Marine Safety Act 2003
- Parliament of the United Kingdom
- Long title: An Act to make provision about the giving of directions in respect of ships for purposes relating to safety or pollution and about the taking of action to enforce, in connection with, or in lieu of, directions; to make provision about fire-fighting in connection with marine incidents; and for connected purposes.
- Citation: 2003 c. 16
- Introduced by: Brian Iddon (private member's bill) (Commons)
- Territorial extent: United Kingdom, except that section 2, before it was repealed, extended only to England and Wales

Dates
- Royal assent: 10 July 2003
- Commencement: 10 September 2003

Status: Amended

Text of statute as originally enacted

Text of the Marine Safety Act 2003 as in force today (including any amendments) within the United Kingdom, from legislation.gov.uk.

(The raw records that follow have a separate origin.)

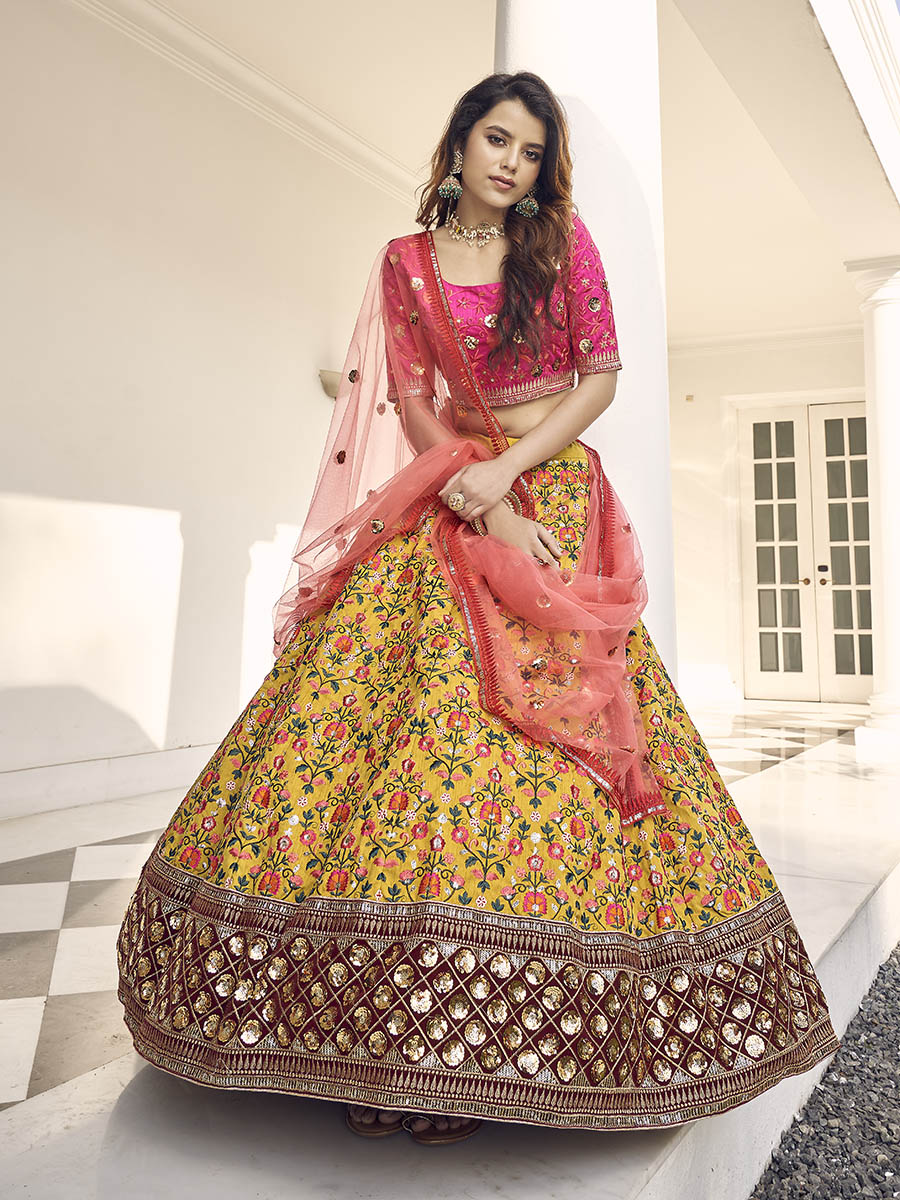 Myra Mustard Yellow and Rani Pink Art Silk Heavy Embroidered Lehenga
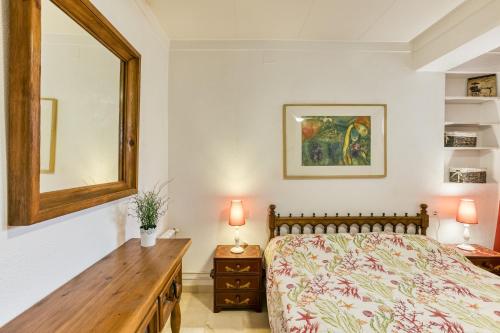 a bedroom with a bed and a dresser and a mirror at Art- Apartamentos Revilla Tacke E in Empuriabrava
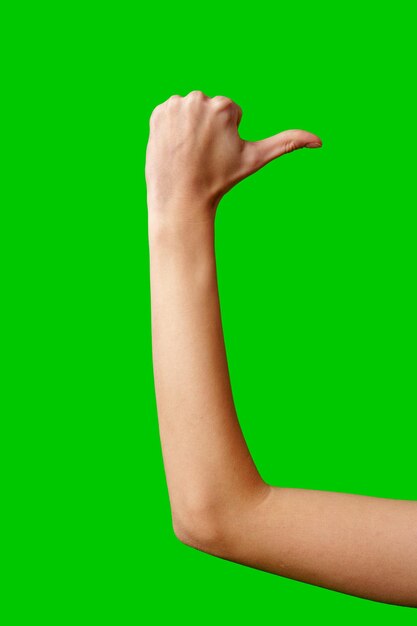 Person giving a thumbs up gesture against a green screen background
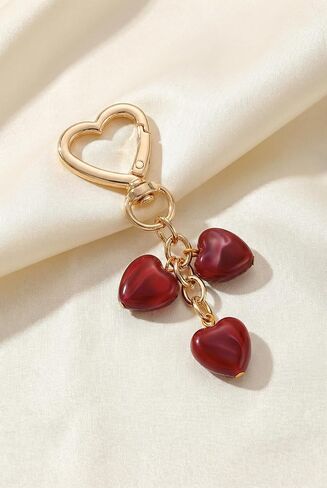 Triple Red Heart Bag Charm Elegant Jewelry Style Resin Purse Charm with Polished Gold in Saudi Arabia
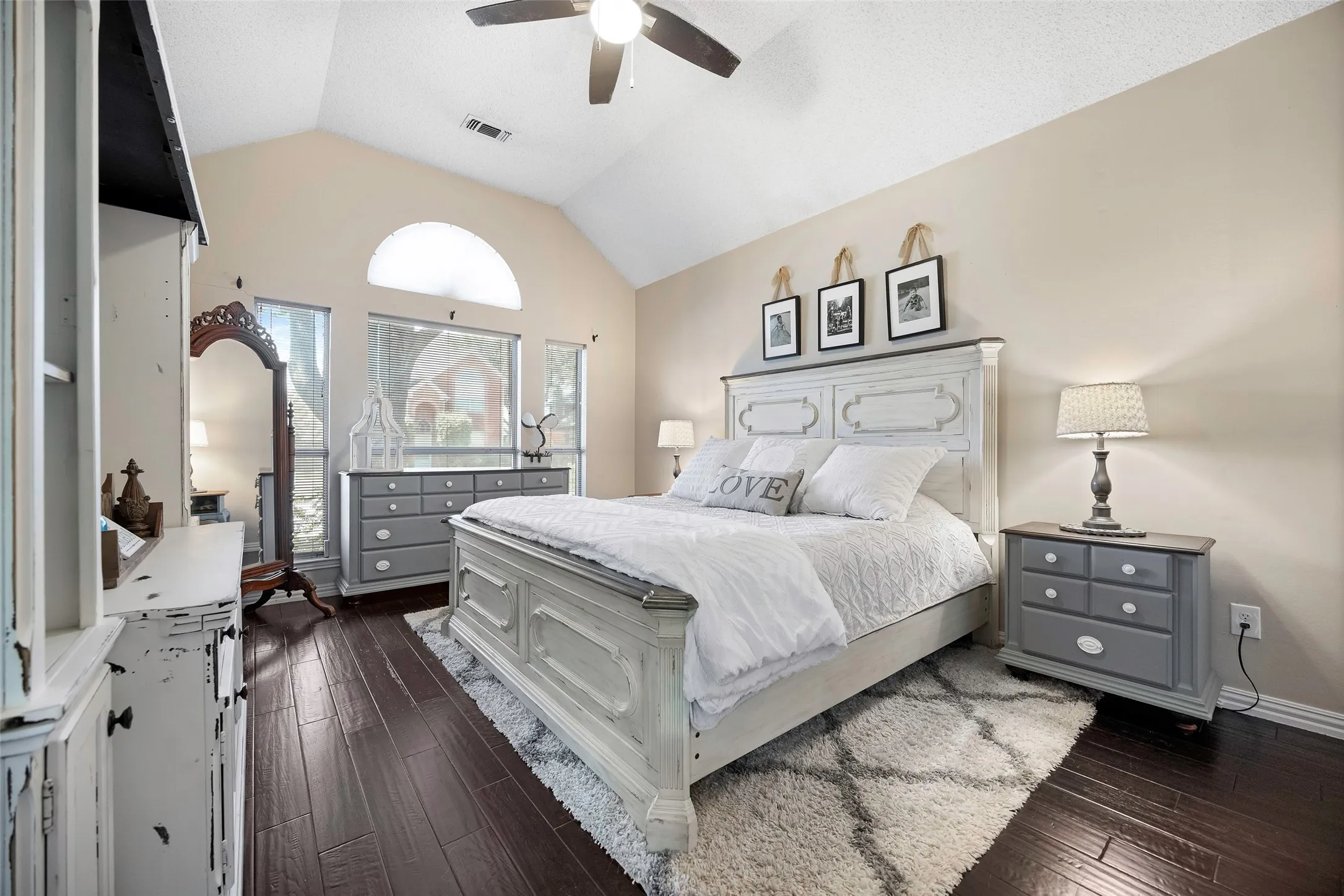This spacious primary suite is large enough for all of your oversized furniture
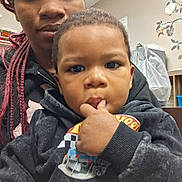 Jamari is registered to the contest to win money with this photo: toddler, child, adult, person, face, finger_in_mouth, hoodie, braids, indoor, room, wall_decoration, plastic_bag, shelf, clothing, portrait, casual, curious, black_hoodie, closeup, seated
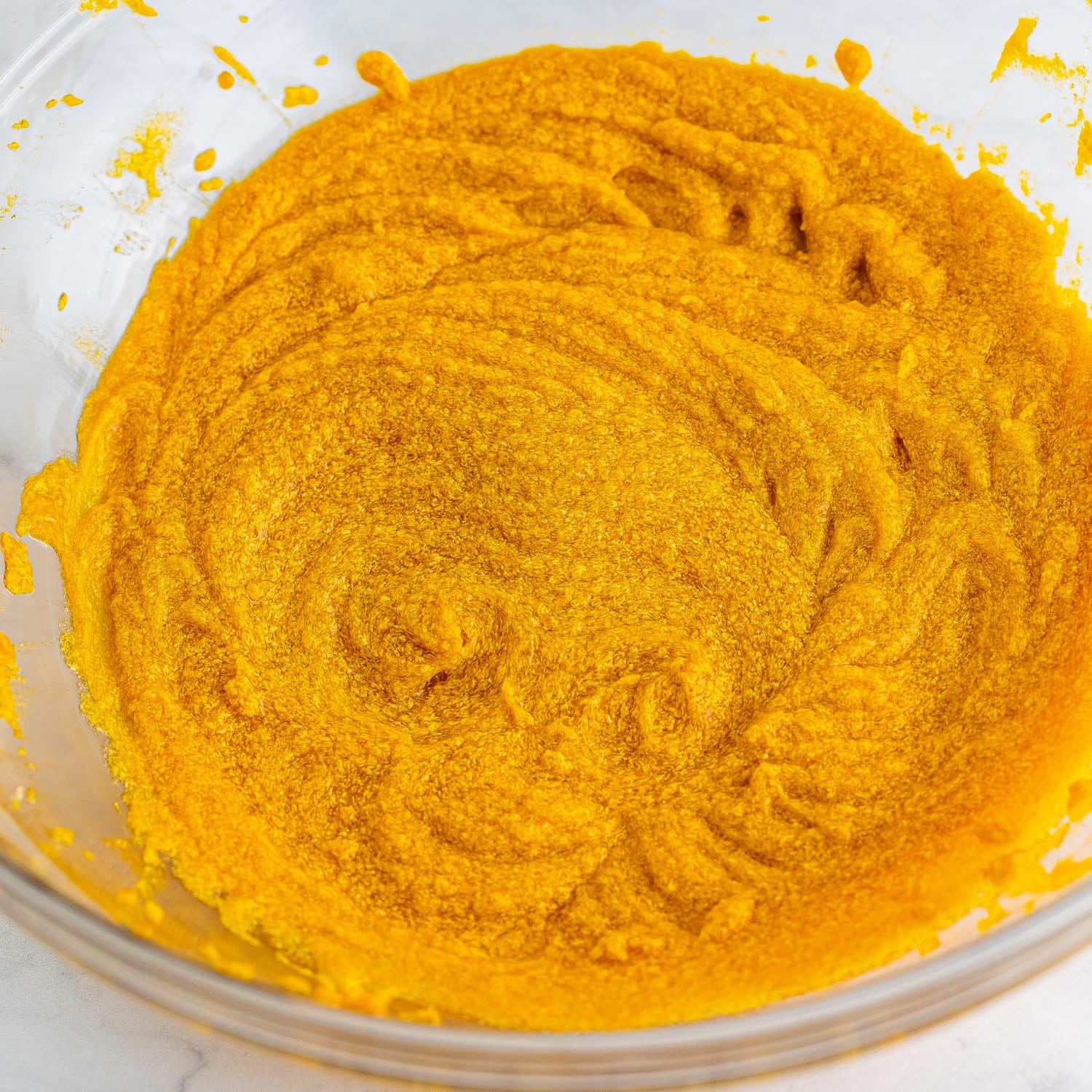 pumpkin puree mixed with eggs in a glass bowl.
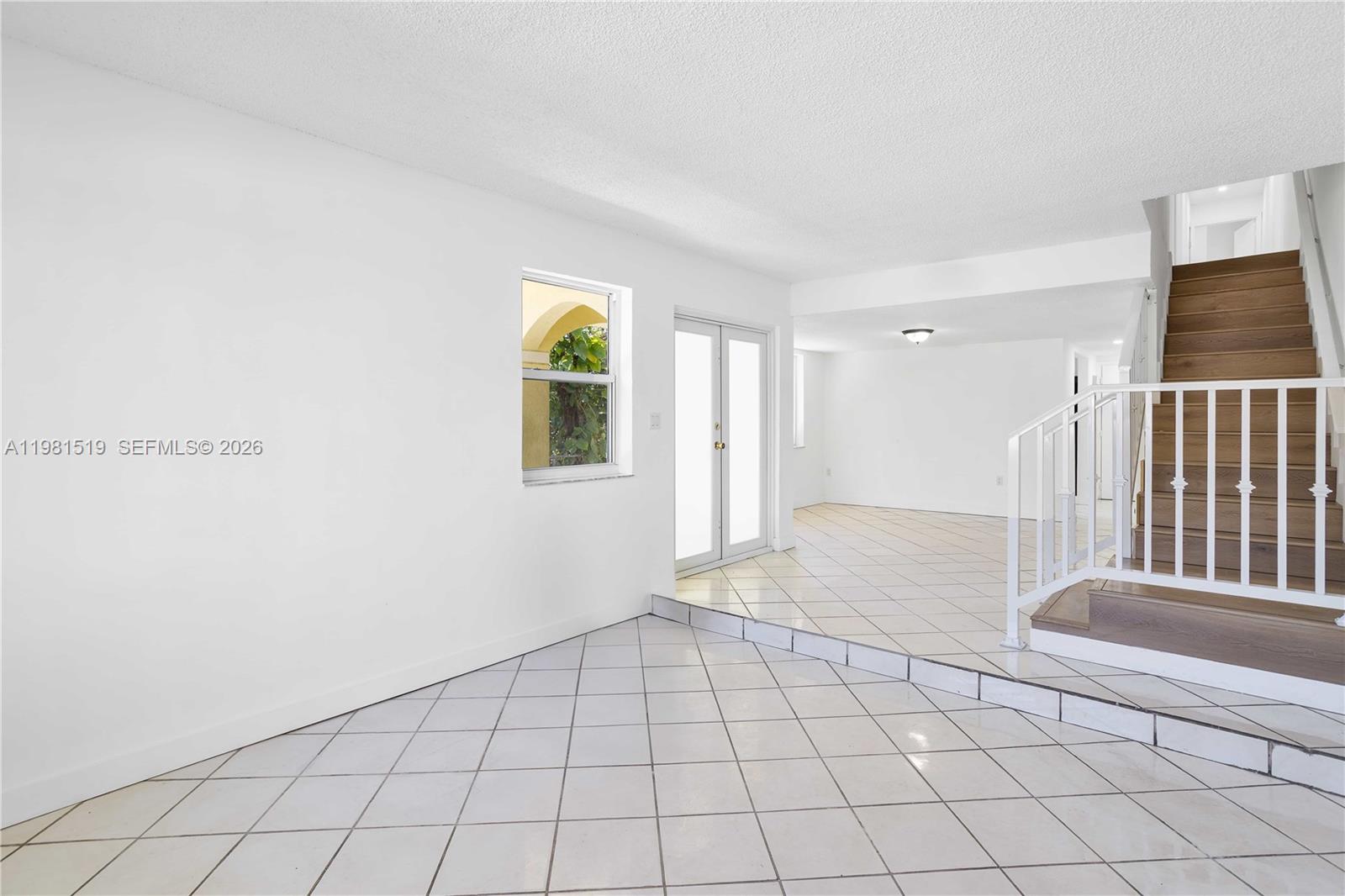 A living area features white tile flooring, a sunken section, and a wooden staircase — 3524 NW 4th Ter, Miami FL 33125, MIAMI, FL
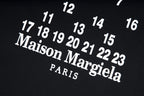 Black T-shirt close-up with large Maison Margiela PARIS text and numbers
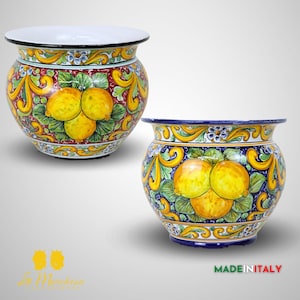 May include: Two ceramic flower pots with a lemon design. The pots are decorated with yellow lemons, green leaves, and blue and white floral patterns. The pot on the left has a red background, while the pot on the right has a blue background. Both pots have a white rim and a black rim around the top.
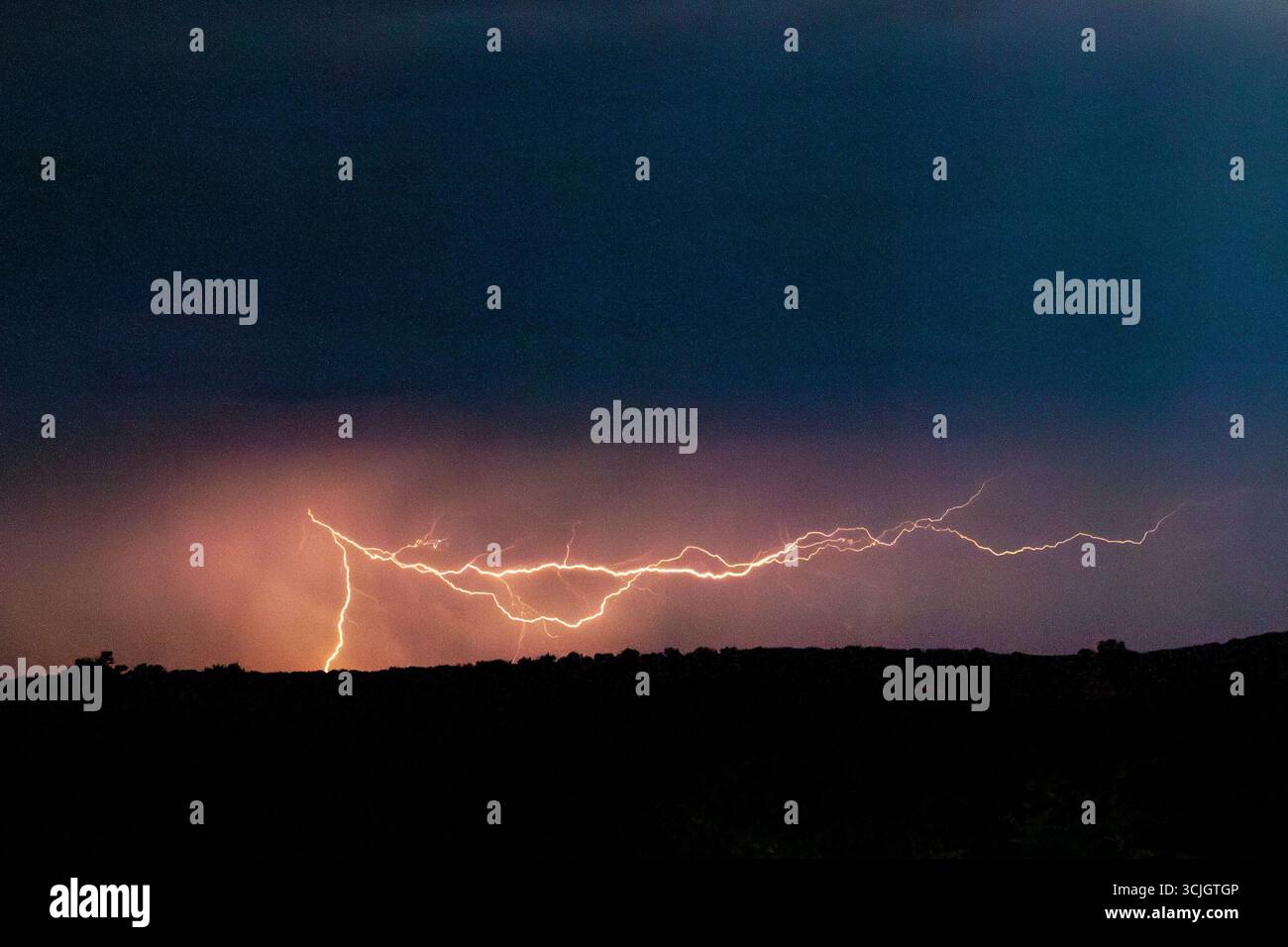 Powerful lighting strikes, thunder and storm in Kgalagadi National Park in South Africa Stock Photo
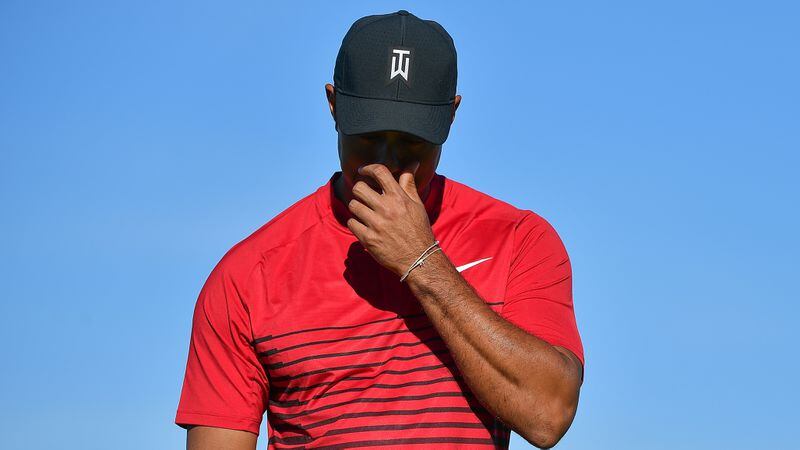 Tiger Woods reacts after a putt on the 13th green during the final round of the Farmers Insurance Open at Torrey Pines South  on Jan. 28, 2018 in San Diego.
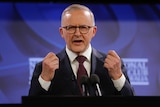 Anthony Albanese, a man wearing a black suit and dark spectacles, delivers a speech at a lectern with closed fists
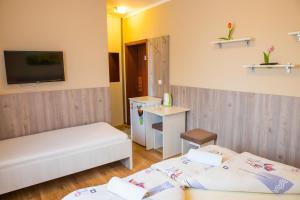 Postel nebo postele na pokoji v ubytování Penzión Stefarez New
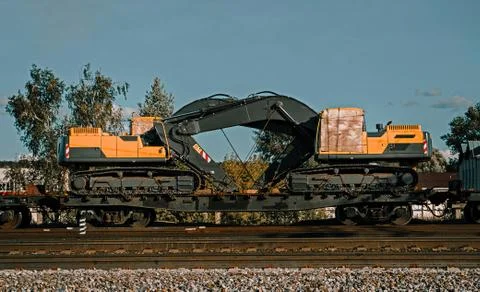 Two excavators on a railway platform. Two heart-shaped buckets. Stock Photos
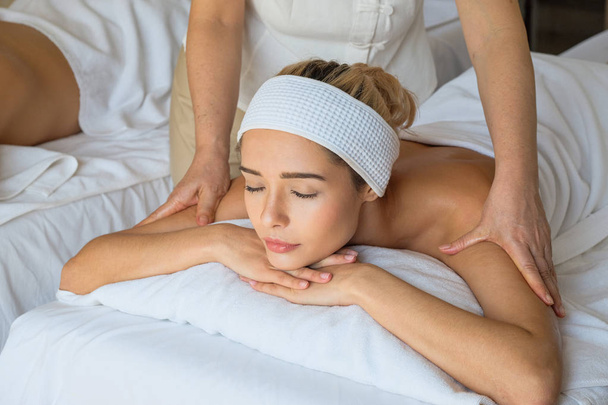 beautiful woman during massage with essential oil in room spa - Photo, image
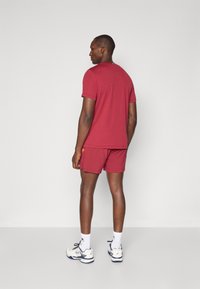 Red sports t-shirt and shorts made from lightweight fabric, paired with white athletic shoes and white socks. Simple design, comfortable fit.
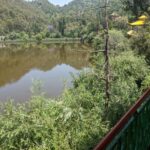 from the balcony outside my room in rewalsar monastery the view of rewalsar lake homeless to home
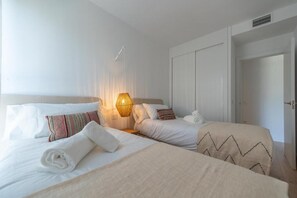 Ein Hotelzimmer mit zwei Betten, einer Nachttischlampe, einem Kleiderschrank und einer Tür.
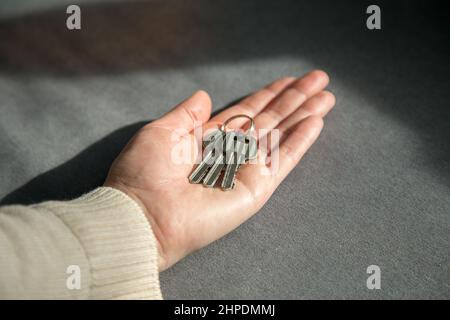 Close up shot of keys on a woman's palm. The concept of property, real estate and buying property Stock Photo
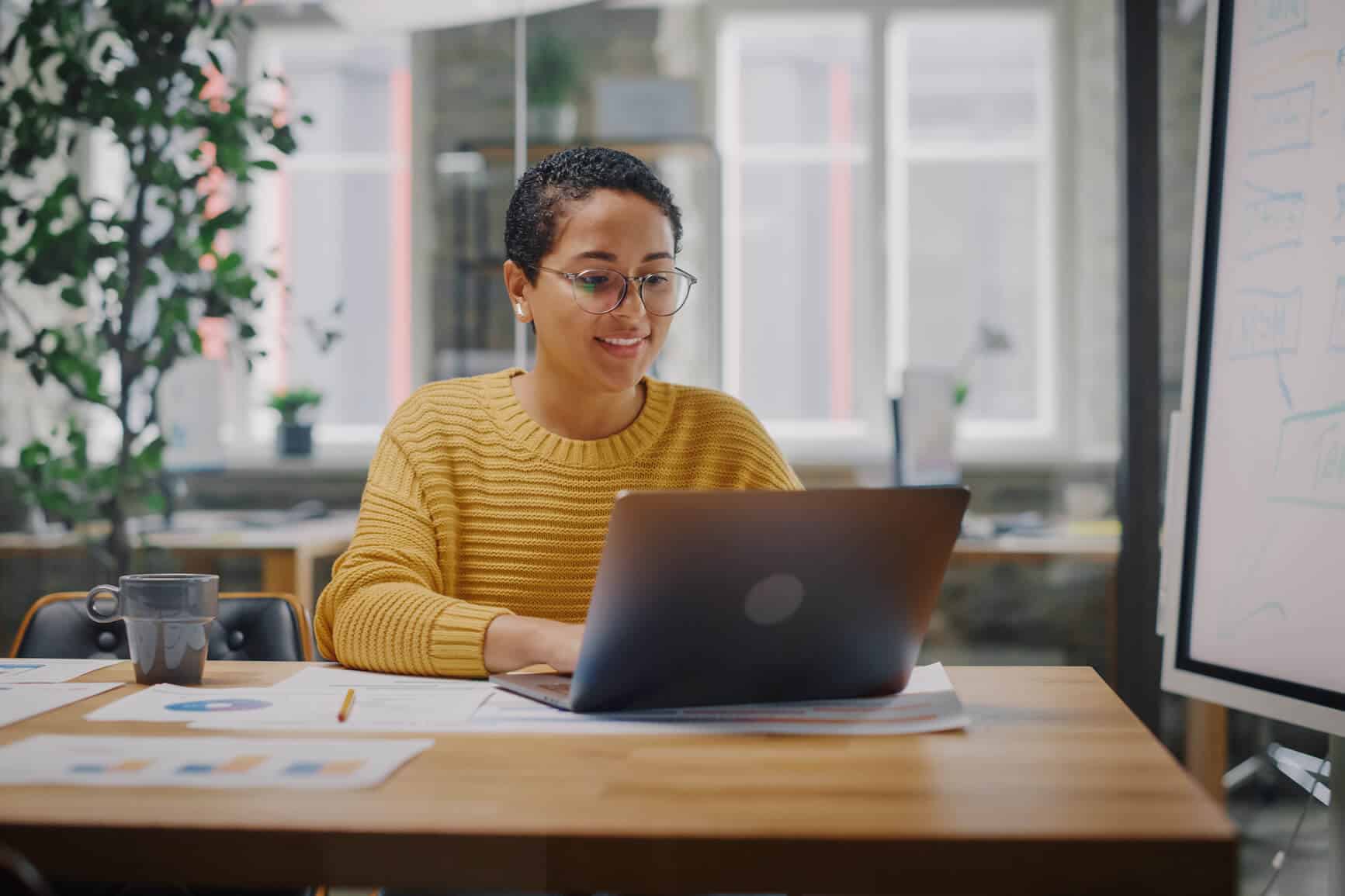 employee types at office desk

= Marine Safety Act 2003 =

Public General Act of Parliament of the United Kingdom

The Marine Safety Act 2003 (c. 16) is an act of the Parliament of the United Kingdom.

== Legislative passage ==
The legislation was passed as a private member's bill.

== Provisions ==
The act tightened rules relating to safety at sea and marine pollution. The act requires that vessels in British waters do not pose a threat to themselves or others.

== Commencement ==
The act came into force on 10 September 2003.